Ohio will face the Horizon League favorite, Cleveland State, in its next game. It will be another strong mid-major vs. mid-major opportunity — playing on the road will improve its bracketing value as well — while two battles with high-majors loom on the horizon. The Bobcats will travel to face Kentucky (Nov. 19) and LSU (Dec. 1) on the road during their nonconference slate. A home matchup with Marshall on Dec. 15 is a sneaky opportunity as well.
Mark Sears is a superb sophomore and is surrounded by much of the same supporting cast that Preston thrived alongside a year ago. Ben Roderick, Ben Vander Plas and Lunden McDay are all significant pieces who averaged double-figure points per game last year. Jason Carter is also back in Athens after a stint at Xavier. There is a lot to like here and taking advantage of the nonconference slate could ignite at-large bracketology conversation.
North Carolina Tar Heels
Hubert Davis did not exactly set himself up with an easy road for his first season as North Carolina’s head coach. The Tar Heels’ quest to return to national title contention begins with some difficult matchups. There are several tune-up games in the mix but UNC will take center stage with four “Game of the Night” quality matchups:
- vs. Purdue in Uncasville, Conn. at the Hall of Fame Tipoff (Nov. 20)

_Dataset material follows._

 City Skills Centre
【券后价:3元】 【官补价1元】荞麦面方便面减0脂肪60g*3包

- vs. Villanova OR Tennessee at the Hall of Fame Tipoff (Nov. 21)
- vs. Michigan at home (Dec. 1)
- vs. UCLA in Las Vegas at the CBS Sports Classic (Dec. 18th)

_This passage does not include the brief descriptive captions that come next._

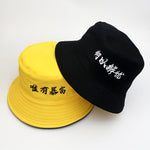 Men'S And Women'S Spring And Summer Korean Hats - Heritage cosmetics and beauty care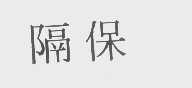 隔保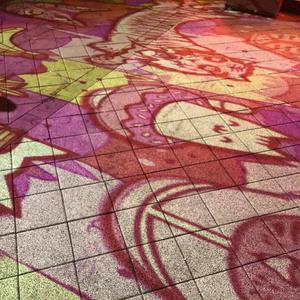 When I Die (feat. Vivienne Komatsu) (Explicit)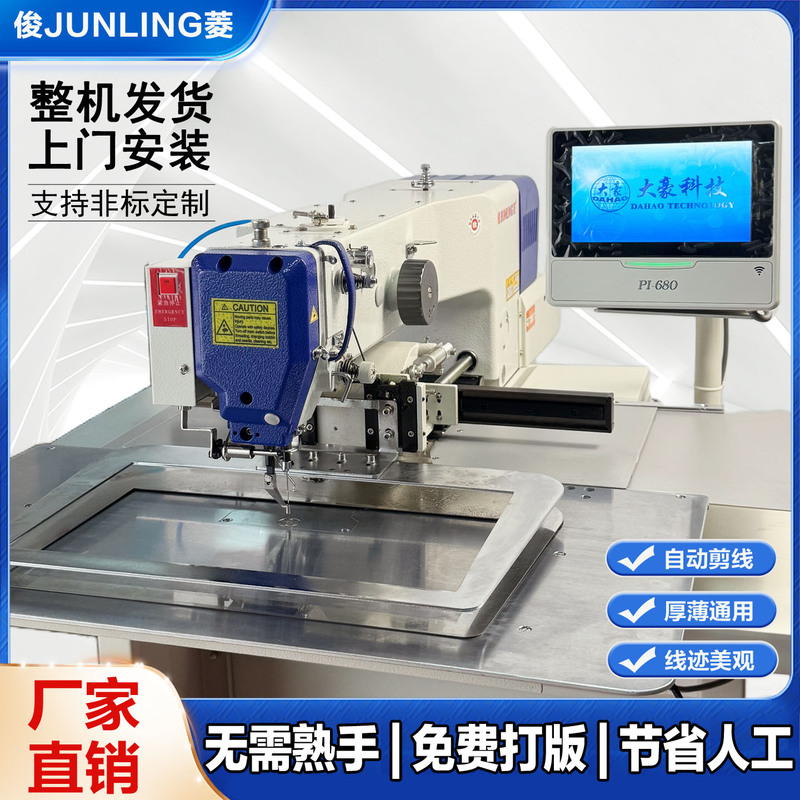 Fully Automatic Computer Pattern Machine, Shangyi Dahao 3520 Industrial Sewing Machine, Large-Scale Shoe Template Laser Bag Opening Machine Fully Automatic Computer Pattern Machine, Shangyi Dahao 3520 Industrial Sewing Machine, Large-Scale Shoe Template Laser Bag Opening Machine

Three of those matchups are already guaranteed to be against preseason top-10 teams while both Villanova and Tennessee will also take on UNC as ranked opponents barring unexpected upsets.
The Tar Heels will likely enter each matchup as the underdog; being able to steal two or three victories would go a long way in propelling them up the bracketology ranks. It’s unorthodox for a North Carolina team to have to prove it belongs among the nation’s best but that is the case this season in the post-Roy Williams era. There are bracketology opportunities abound for Davis to push his team into the limelight.
Seton Hall Pirates
Seton Hall was picked to finish fifth in the Big East this season, which likely projects them as an NCAA Tournament team but far from a bracketology lock. Replacing star Sandro Mamukelashvili is the biggest question mark in South Orange that holds back expectations. However, the Pirates’ nonconference schedule sets them up to prove that they belong higher in the national rankings. Head coach Kevin Willard has his team poised to face some big challenges.

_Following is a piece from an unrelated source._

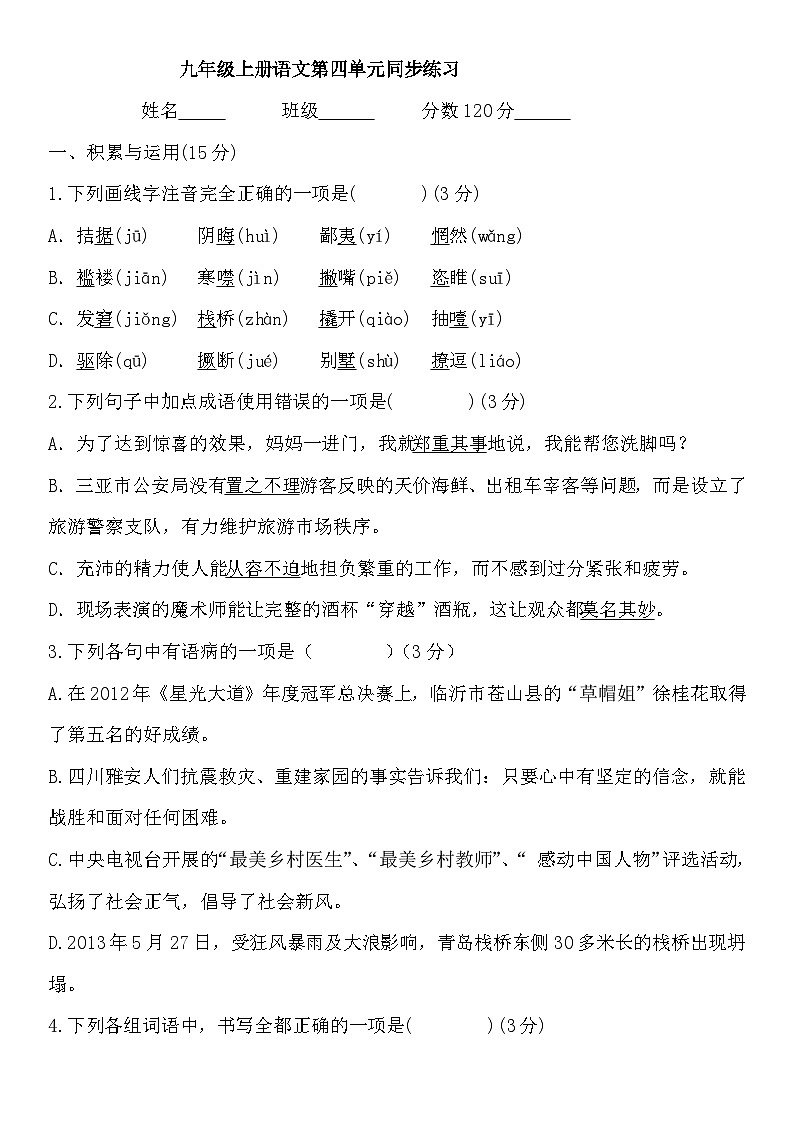 第四单元同步练习卷   统编版语文九年级上册01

Seton Hall will face Ivy League favorite Yale in its next game followed by consecutive Big Ten matchups. The Pirates are matched up with Michigan on the road for the Gavitt Games and then challenge Ohio State in the first round of the Fort Myers Tip-Off before meeting Cal or Florida in the second round to round out a huge November slate.
This group also preps for the Big East three straight pivotal games in December. Home contests against Texas and Rutgers headline this portion of the schedule, while their final matchup before conference play comes against MAAC favorite Iona.
San Diego State Aztecs
San Diego State is, perhaps surprisingly, not the preseason favorite to win the Mountain West this year. However, the Aztecs are expected to be in the mix for an at-large bid and their third straight NCAA Tournament appearance, including 2020. SDSU can put itself in a strong position to do exactly that with a challenging nonconference schedule approaching.
Head coach Brian Dutcher’s team started their schedule with a solid win over UC Riverside but challenging opponents are on the horizon.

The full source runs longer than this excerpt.